* RECORDS TO USE *
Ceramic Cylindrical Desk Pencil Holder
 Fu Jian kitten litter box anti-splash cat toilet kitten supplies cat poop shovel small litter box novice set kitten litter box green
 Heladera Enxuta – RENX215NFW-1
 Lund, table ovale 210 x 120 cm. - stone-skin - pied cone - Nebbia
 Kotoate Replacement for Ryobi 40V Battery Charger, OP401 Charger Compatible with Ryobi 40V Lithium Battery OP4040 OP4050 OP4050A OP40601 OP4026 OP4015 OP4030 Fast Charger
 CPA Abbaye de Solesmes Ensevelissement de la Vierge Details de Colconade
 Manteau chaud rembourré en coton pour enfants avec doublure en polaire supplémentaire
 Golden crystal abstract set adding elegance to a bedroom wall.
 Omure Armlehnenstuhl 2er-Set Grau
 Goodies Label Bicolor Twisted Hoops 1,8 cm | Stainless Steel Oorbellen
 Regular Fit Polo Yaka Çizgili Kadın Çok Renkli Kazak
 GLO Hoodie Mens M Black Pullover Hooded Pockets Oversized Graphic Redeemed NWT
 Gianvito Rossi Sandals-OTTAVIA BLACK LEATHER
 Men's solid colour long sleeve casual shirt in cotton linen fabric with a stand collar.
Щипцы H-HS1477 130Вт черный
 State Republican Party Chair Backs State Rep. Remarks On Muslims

* REQUIRED WORK *
The line containing "CPA Abbaye de" and each line after it through the end of the listing above must be printed exactly, with nothing added.

* TASK OUTPUT *
 CPA Abbaye de Solesmes Ensevelissement de la Vierge Details de Colconade
 Manteau chaud rembourré en coton pour enfants avec doublure en polaire supplémentaire
 Golden crystal abstract set adding elegance to a bedroom wall.
 Omure Armlehnenstuhl 2er-Set Grau
 Goodies Label Bicolor Twisted Hoops 1,8 cm | Stainless Steel Oorbellen
 Regular Fit Polo Yaka Çizgili Kadın Çok Renkli Kazak
 GLO Hoodie Mens M Black Pullover Hooded Pockets Oversized Graphic Redeemed NWT
 Gianvito Rossi Sandals-OTTAVIA BLACK LEATHER
 Men's solid colour long sleeve casual shirt in cotton linen fabric with a stand collar.
Щипцы H-HS1477 130Вт черный
 State Republican Party Chair Backs State Rep. Remarks On Muslims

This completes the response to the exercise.